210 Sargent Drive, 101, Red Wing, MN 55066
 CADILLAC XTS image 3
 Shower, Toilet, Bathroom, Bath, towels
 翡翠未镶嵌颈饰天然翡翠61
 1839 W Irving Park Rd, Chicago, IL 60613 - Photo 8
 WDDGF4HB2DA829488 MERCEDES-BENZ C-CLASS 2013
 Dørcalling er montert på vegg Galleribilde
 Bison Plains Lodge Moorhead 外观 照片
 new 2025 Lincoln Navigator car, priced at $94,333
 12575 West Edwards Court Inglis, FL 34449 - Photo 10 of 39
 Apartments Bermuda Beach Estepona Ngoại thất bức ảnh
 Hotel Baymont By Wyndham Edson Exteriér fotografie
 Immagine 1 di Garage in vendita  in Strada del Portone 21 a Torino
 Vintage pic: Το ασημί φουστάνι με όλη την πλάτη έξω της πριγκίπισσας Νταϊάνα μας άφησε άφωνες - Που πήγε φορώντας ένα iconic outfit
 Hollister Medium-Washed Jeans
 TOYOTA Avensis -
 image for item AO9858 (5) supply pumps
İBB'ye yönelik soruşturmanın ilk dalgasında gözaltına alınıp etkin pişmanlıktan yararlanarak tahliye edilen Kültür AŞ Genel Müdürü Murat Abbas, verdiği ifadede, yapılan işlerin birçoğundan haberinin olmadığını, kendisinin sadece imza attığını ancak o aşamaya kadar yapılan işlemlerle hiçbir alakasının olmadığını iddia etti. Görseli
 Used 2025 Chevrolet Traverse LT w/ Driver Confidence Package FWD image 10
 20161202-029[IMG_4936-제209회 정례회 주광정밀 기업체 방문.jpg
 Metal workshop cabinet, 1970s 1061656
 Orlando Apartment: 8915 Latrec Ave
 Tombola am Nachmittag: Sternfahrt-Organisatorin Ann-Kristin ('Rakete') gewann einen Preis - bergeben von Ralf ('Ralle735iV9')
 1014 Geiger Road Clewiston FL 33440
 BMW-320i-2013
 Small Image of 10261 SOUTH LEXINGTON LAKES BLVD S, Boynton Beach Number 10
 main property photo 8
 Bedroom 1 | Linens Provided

☆ ☆ ☆ ☆ ☆

**Instructions for the task**
Nothing but a number should be written: how many lines of the preceding listing contain "Beach".

**Exercise answer**
2